PROBLEM TO SOLVE
Scan the records below and say how many lines include the word "hardwood", giving no other text.

RECORDS FOR PROCESSING
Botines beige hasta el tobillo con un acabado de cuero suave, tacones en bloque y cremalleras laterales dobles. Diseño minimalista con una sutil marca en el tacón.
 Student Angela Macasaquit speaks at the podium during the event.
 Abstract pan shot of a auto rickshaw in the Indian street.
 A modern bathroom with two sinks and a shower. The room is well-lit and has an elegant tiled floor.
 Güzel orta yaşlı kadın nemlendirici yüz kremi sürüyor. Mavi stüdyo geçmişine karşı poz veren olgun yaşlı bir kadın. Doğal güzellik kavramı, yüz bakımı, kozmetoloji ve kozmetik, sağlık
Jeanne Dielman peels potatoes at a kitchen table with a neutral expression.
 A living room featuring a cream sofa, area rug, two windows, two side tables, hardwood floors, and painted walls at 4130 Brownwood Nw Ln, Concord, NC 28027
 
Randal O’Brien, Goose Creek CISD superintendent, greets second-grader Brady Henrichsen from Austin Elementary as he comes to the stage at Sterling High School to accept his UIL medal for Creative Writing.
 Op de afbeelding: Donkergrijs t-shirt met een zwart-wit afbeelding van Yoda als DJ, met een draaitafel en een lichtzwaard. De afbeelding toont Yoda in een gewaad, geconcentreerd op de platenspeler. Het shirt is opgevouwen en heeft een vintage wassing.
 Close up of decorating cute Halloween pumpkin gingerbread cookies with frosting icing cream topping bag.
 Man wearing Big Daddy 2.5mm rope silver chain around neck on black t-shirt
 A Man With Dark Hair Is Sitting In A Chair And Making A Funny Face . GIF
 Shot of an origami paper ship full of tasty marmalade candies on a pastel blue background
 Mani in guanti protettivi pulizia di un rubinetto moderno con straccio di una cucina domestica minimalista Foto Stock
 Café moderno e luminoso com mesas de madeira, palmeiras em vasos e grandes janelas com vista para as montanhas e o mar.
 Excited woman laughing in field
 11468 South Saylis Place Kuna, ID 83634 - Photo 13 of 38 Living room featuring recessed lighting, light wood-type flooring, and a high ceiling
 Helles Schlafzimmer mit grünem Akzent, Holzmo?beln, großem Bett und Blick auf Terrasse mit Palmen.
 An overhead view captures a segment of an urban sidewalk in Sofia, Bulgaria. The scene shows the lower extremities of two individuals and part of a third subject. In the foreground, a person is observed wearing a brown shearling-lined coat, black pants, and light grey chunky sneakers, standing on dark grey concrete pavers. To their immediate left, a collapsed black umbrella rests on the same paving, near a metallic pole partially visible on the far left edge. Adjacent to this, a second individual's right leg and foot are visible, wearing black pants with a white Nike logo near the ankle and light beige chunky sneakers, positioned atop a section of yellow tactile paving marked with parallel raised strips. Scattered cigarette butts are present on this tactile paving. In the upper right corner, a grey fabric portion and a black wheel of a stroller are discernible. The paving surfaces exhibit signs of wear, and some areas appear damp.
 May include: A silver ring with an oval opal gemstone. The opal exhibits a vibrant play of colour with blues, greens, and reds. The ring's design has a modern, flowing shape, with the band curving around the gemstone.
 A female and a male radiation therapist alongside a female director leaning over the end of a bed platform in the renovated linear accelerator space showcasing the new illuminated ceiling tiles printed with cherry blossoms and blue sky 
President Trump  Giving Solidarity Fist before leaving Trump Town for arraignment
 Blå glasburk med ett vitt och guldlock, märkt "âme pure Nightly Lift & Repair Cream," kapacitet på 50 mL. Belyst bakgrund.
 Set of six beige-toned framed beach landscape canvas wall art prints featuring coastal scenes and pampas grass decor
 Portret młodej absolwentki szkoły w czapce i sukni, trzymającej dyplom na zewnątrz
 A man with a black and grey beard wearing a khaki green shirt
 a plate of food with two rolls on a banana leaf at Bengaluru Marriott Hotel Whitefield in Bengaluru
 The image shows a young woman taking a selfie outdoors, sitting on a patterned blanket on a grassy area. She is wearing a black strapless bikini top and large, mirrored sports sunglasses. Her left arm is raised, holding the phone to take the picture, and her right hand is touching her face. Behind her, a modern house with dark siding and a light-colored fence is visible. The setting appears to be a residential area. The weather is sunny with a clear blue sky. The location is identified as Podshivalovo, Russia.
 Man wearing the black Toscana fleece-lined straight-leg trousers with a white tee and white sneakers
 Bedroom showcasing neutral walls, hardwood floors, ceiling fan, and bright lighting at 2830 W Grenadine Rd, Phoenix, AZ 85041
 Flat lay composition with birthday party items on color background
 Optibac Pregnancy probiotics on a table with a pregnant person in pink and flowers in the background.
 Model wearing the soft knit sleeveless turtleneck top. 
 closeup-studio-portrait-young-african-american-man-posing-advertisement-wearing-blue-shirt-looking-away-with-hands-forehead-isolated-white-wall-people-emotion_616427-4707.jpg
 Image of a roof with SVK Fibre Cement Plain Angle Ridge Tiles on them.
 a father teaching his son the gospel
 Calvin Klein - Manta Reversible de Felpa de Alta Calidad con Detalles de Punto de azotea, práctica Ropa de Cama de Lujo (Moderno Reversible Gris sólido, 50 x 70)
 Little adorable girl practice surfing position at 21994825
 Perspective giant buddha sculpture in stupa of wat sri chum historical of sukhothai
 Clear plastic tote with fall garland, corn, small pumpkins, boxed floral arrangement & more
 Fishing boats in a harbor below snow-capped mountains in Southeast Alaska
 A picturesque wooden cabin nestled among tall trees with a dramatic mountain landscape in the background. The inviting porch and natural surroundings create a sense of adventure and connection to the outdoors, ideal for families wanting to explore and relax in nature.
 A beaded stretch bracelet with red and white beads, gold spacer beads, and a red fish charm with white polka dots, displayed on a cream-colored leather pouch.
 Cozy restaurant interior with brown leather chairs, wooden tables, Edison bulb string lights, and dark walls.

SOLUTION FOR THIS TASK
2